● REQUIRED ACTION: Among the lines of the listing below, retype exactly those from the one containing "2 Bed Flat in Waterval East" through the one containing "Balcony in 6", both included. Do not include pictures.

● DATA EXTRACT:
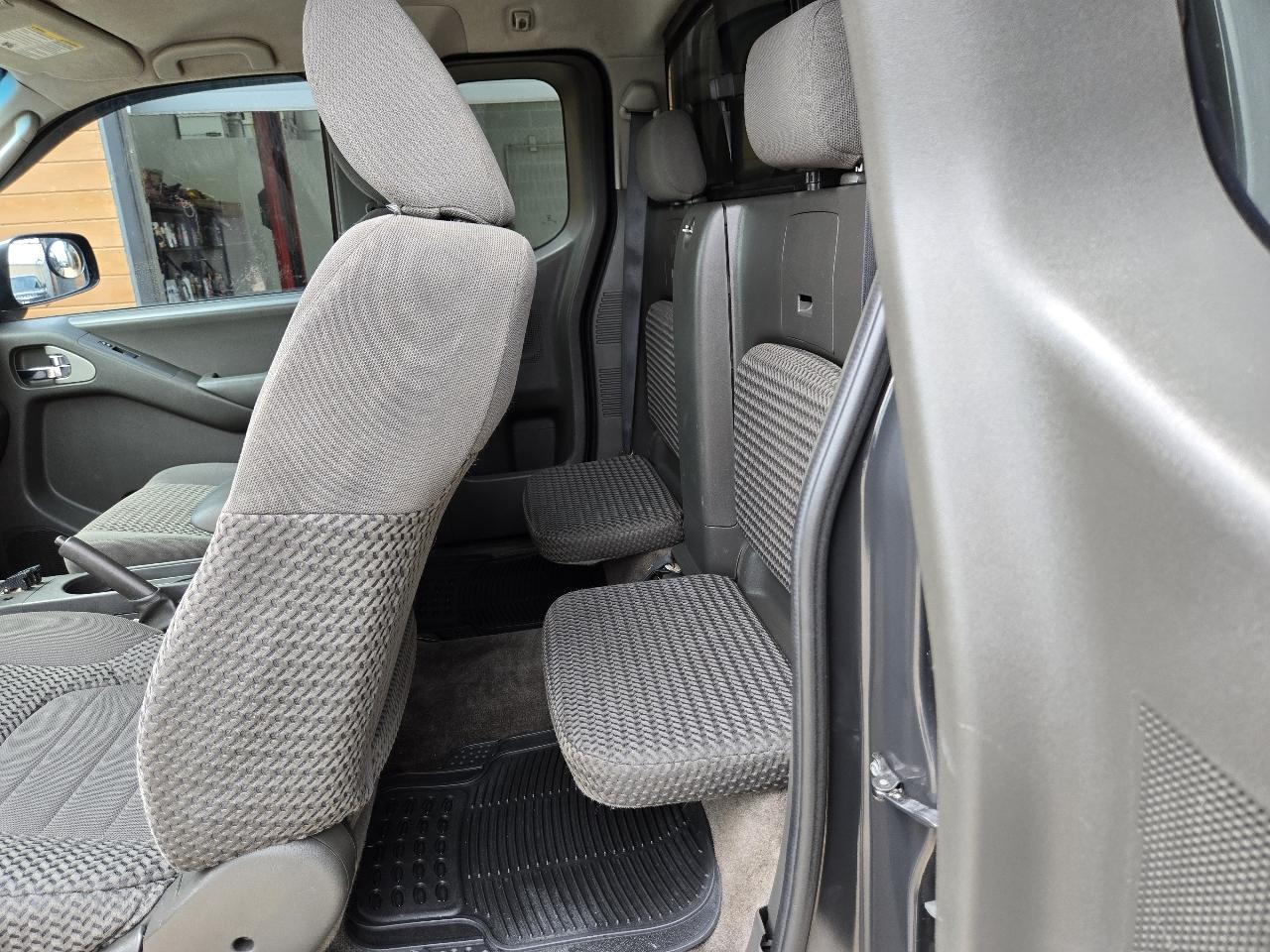 Nissan Frontier LE King Cab 4WD 2010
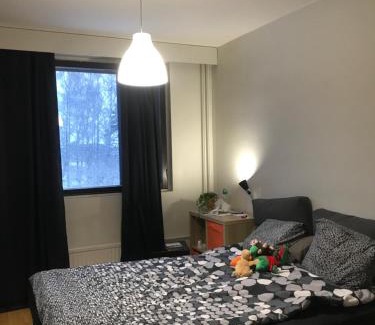 Keskinen District House | Cosy room in Pasila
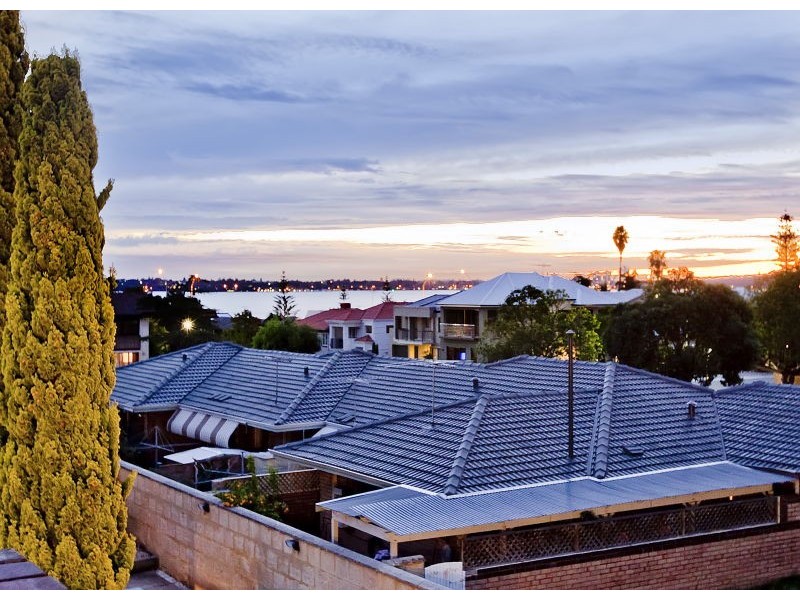 23 Robert Street, Como WA 6152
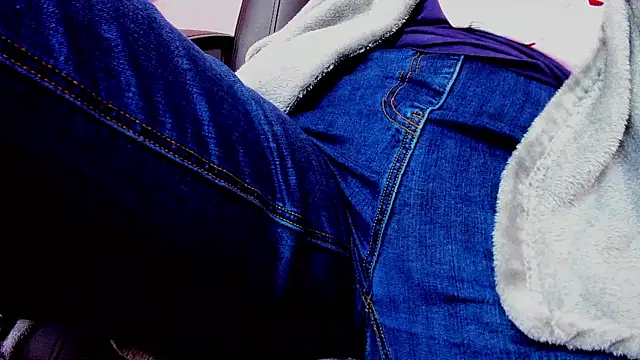 Snapshot of Persephoni chatting on 1, 2, 2025 Persephoni online show from 1, 2, 2025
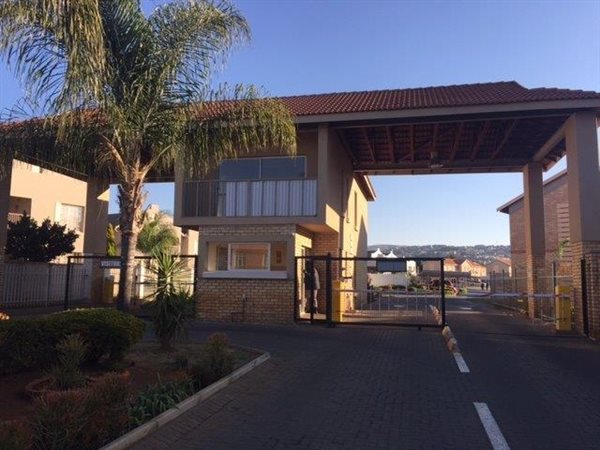 2 Bed Flat in Waterval East
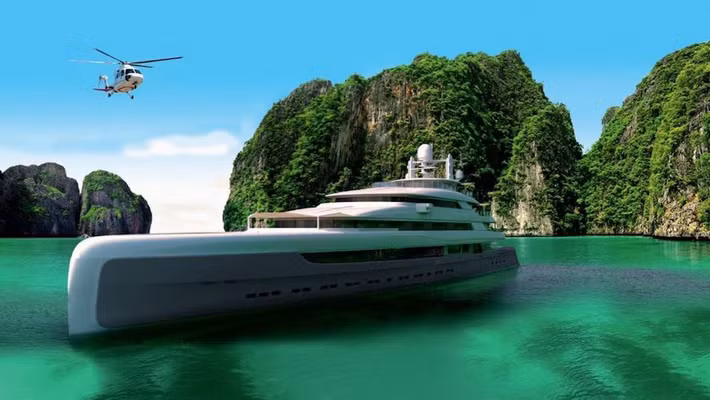Illusion Plus có tổng cộng 7 cabin khách gồm 1 phòng hạng sang, 2 phòng VIP và 4 phòng đôi cho 12 khách qua đêm và 15 cabin khác cho đoàn thủy thủ 25 người.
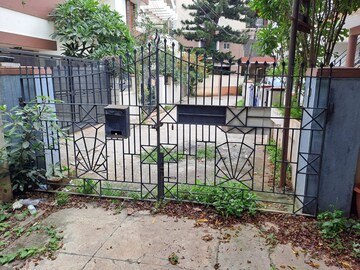Balcony in 6 BHK Independent House at Richmond Town – for Sale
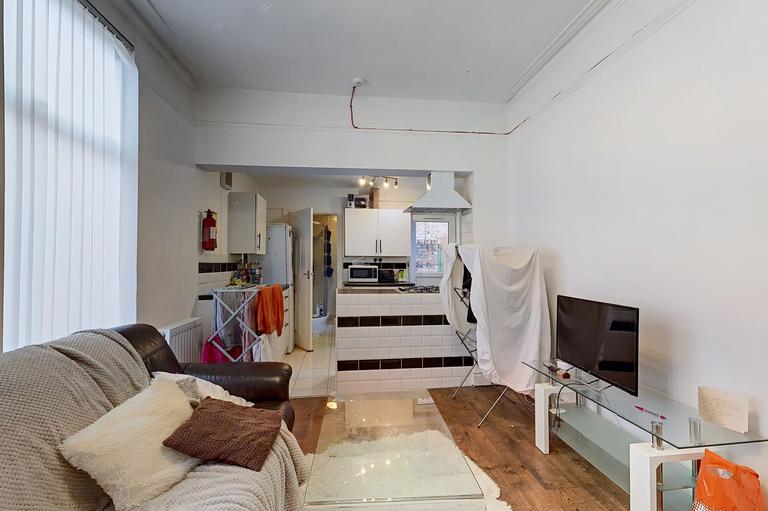 5 bedroom house for rent Crawford Avenue, Liverpool, L18 1DR UniHomes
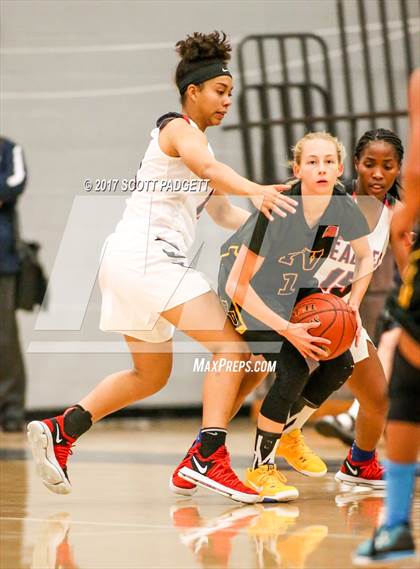Thumbnail 1 in Yucca Valley vs. Valley View (Mustang Tip-Off Classic) photogallery.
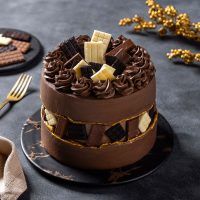 choco-magic-cream-cake-750gm_1.jpg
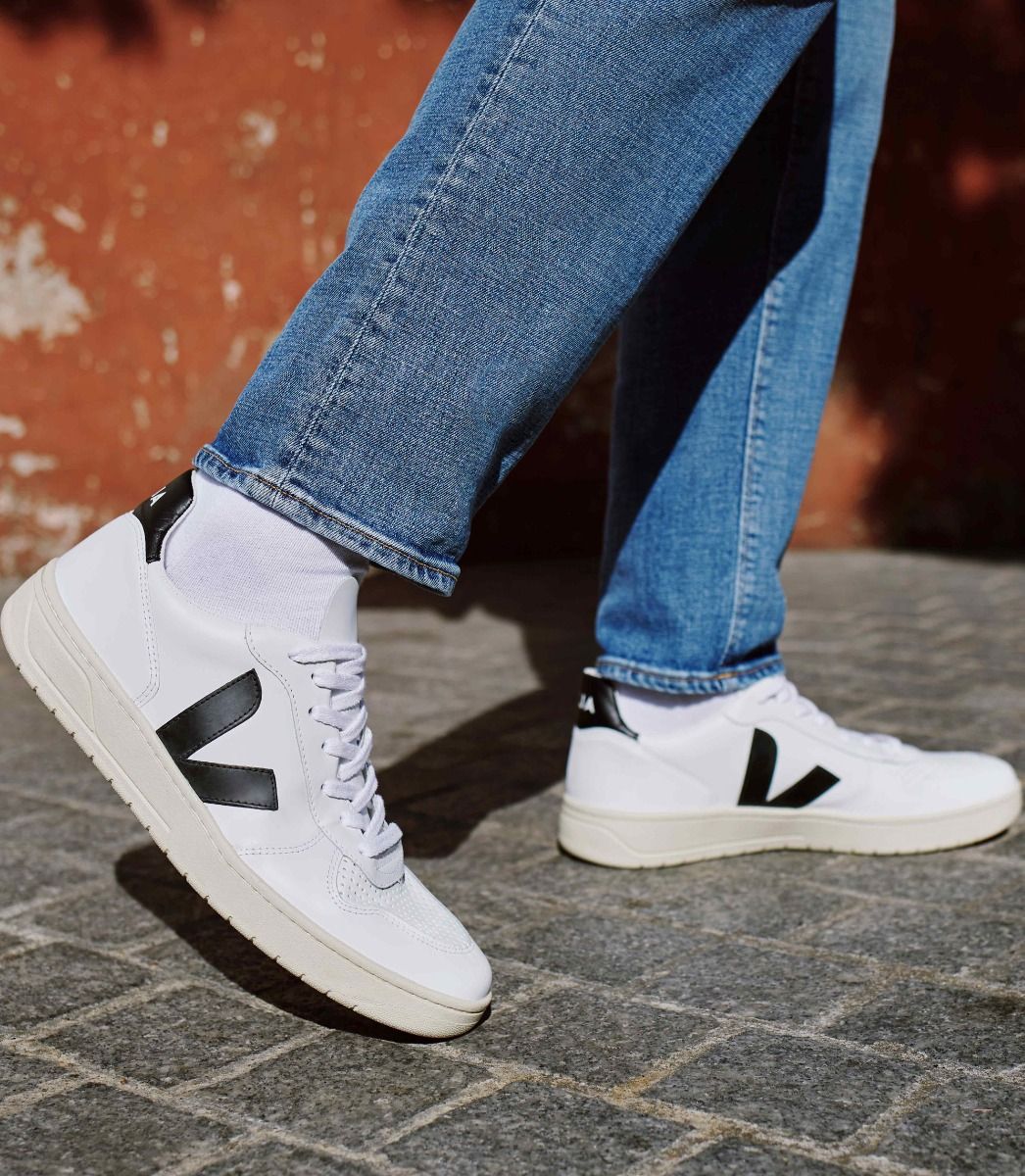 Zapatillas Veja V-10 Leath Mujer - Image 4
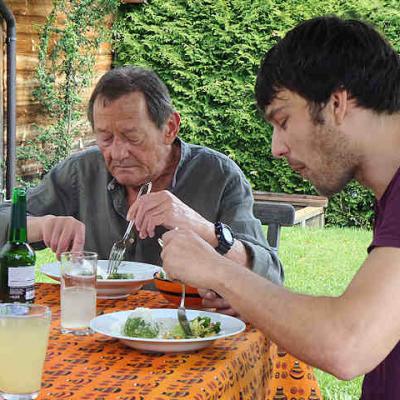 97977809 3050097278391550 3060234515604570112 N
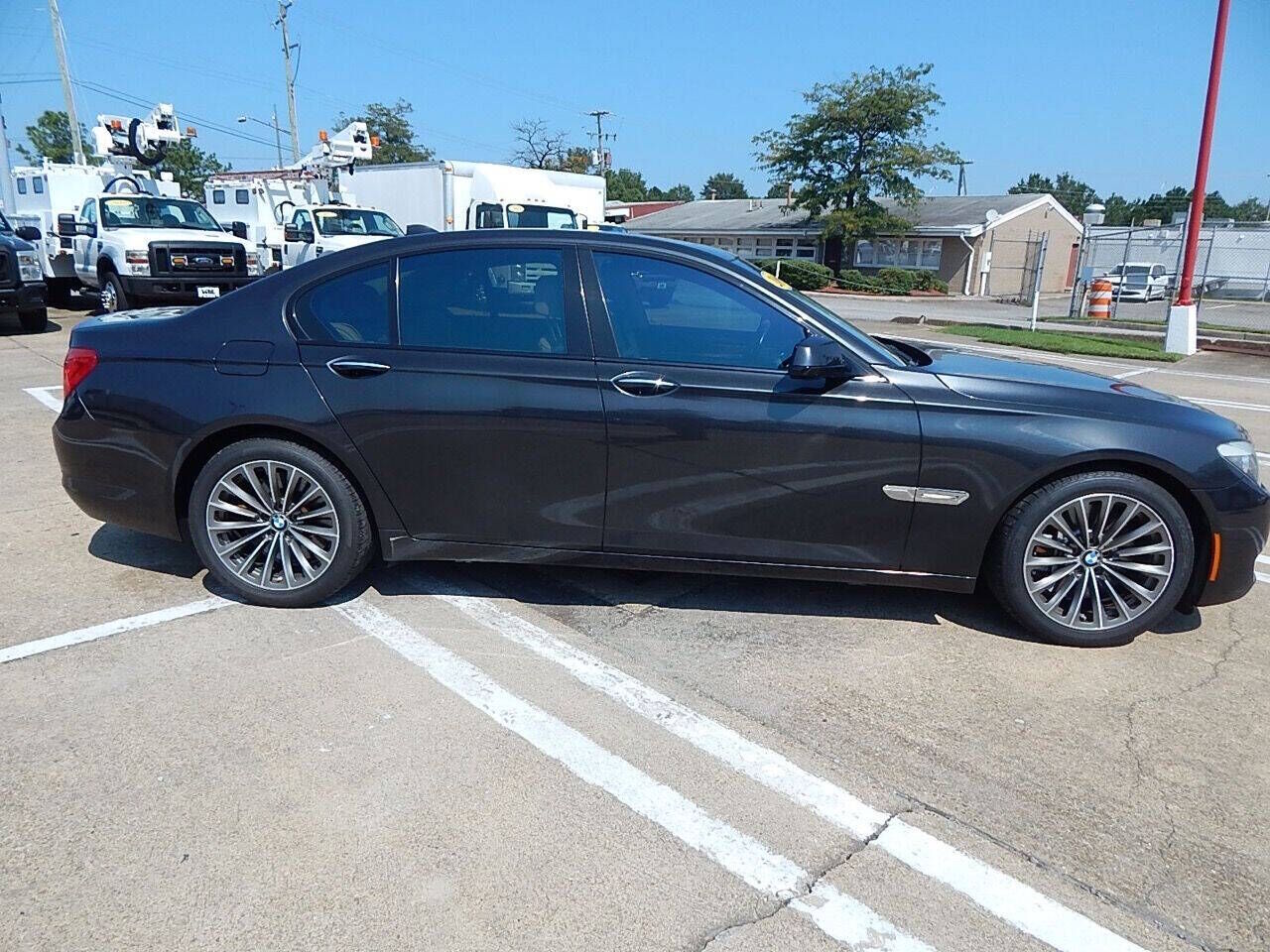 2009 BMW 7 Series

● SOLUTION:
 2 Bed Flat in Waterval East
Illusion Plus có tổng cộng 7 cabin khách gồm 1 phòng hạng sang, 2 phòng VIP và 4 phòng đôi cho 12 khách qua đêm và 15 cabin khác cho đoàn thủy thủ 25 người.
Balcony in 6 BHK Independent House at Richmond Town – for Sale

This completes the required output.